La loro granulometria controllata può essere comunque assortita da ghiaie provenienti da recupero o da parti di catramatura provenienti da fresature, così come previsto. L’alta percentuale di parte fine (circa 6%) di sabbie potrà essere implementata con materiale di recupero.
Tra questi materiali non dimentichiamo i rinfianchi degli elementi prefabbricati che vengono sempre eseguiti con cemento realizzato in cantiere; per questo valgono le stesse raccomandazioni fatte prima.
Le finiture finali riguardano sia la pavimentazione sportiva che i tracciamenti delle linee fatti su di essa.
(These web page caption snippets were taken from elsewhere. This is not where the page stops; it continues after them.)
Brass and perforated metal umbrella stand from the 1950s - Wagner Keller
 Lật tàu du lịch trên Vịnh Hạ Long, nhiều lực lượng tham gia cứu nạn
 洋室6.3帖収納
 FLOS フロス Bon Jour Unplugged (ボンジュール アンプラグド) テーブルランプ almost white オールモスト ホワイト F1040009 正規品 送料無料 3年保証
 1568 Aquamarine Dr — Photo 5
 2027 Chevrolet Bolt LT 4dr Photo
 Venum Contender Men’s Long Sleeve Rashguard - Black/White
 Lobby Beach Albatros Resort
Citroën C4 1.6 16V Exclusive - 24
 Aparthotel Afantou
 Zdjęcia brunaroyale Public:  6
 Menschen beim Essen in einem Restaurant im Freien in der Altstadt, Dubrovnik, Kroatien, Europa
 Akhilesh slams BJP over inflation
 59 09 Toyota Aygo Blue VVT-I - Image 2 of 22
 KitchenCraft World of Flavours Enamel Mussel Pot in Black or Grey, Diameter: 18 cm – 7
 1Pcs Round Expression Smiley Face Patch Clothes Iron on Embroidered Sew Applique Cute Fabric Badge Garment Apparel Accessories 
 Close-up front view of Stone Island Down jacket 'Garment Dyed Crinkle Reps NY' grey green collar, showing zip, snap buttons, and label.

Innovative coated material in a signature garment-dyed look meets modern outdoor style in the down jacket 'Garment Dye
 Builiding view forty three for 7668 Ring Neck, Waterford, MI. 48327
In precedenza ci siamo soffermati sul perché della scelta della tipologia “sandwich misto” che qui vogliamo approfondire; infatti tale scelta definisce una finitura che è per il 50% prefabbricata (il tappetino di base in SBR) e per il restante 50% eseguita in opera: La prima parte dell’intervento è molto delicata e soprattutto la parte dell’incollaggio va gestita con l’adeguata quantità di collante steso in maniera omogenea, evitando di farlo “sbordare” lateralmente; la sua corposità e densità, nonché l’asciugatura rapida dato che gli interventi vengono fatti sempre con temperature >12° concorre ad evitare spargimenti dannosi.
La finitura in resina e granulo poi viene di norma “bordata” sulle cordonate esterne con delle strisce di teli in nylon che servono a contenerne l’eventuale colatura delle resine, nonché evitare la dispersione del granulo EPDM durante lo spaglio; in questa maniera il granulo riesce ad essere recuperato.
Deve essere preparata scrupolosamente l’area di mescolamento tra le due componenti della resina per evitare dispersioni sul terreno, preferibilmente mediante teli in polipropilene di adeguato spessore; a tale scopo è stata allungata l’area iniziale del rettilineo principale, finendola con tappetino d’asfalto chiuso in maniera da avere una base sicura dove poter fare tali operazioni.
A lato della stessa è stata preparata un’area di stoccaggio dei bidoni esausti, suddivisi tra acciaio e plastica, pronti per essere resi al fornitore.
Le rifiniture laterali di pista e pedane vengono fatte a mano con semplice pennello e resina, mantenendo l’impasto.

La tabella (sopra) evidenzia materiale per materiale le nuove forniture, con relativi “green circle” e rispetto degli articoli dei C.A.M., oltre alle indicazioni del trattamento iniziale e del recupero possibile a fine vita. Progettualmente sono stati scelti quasi esclusivamente prodotti NON chimici e di conseguenza diventa semplice dimostrare la perfetta riciclabilità a fine vita degli stessi e degli sfidi di lavorazione di cantiere.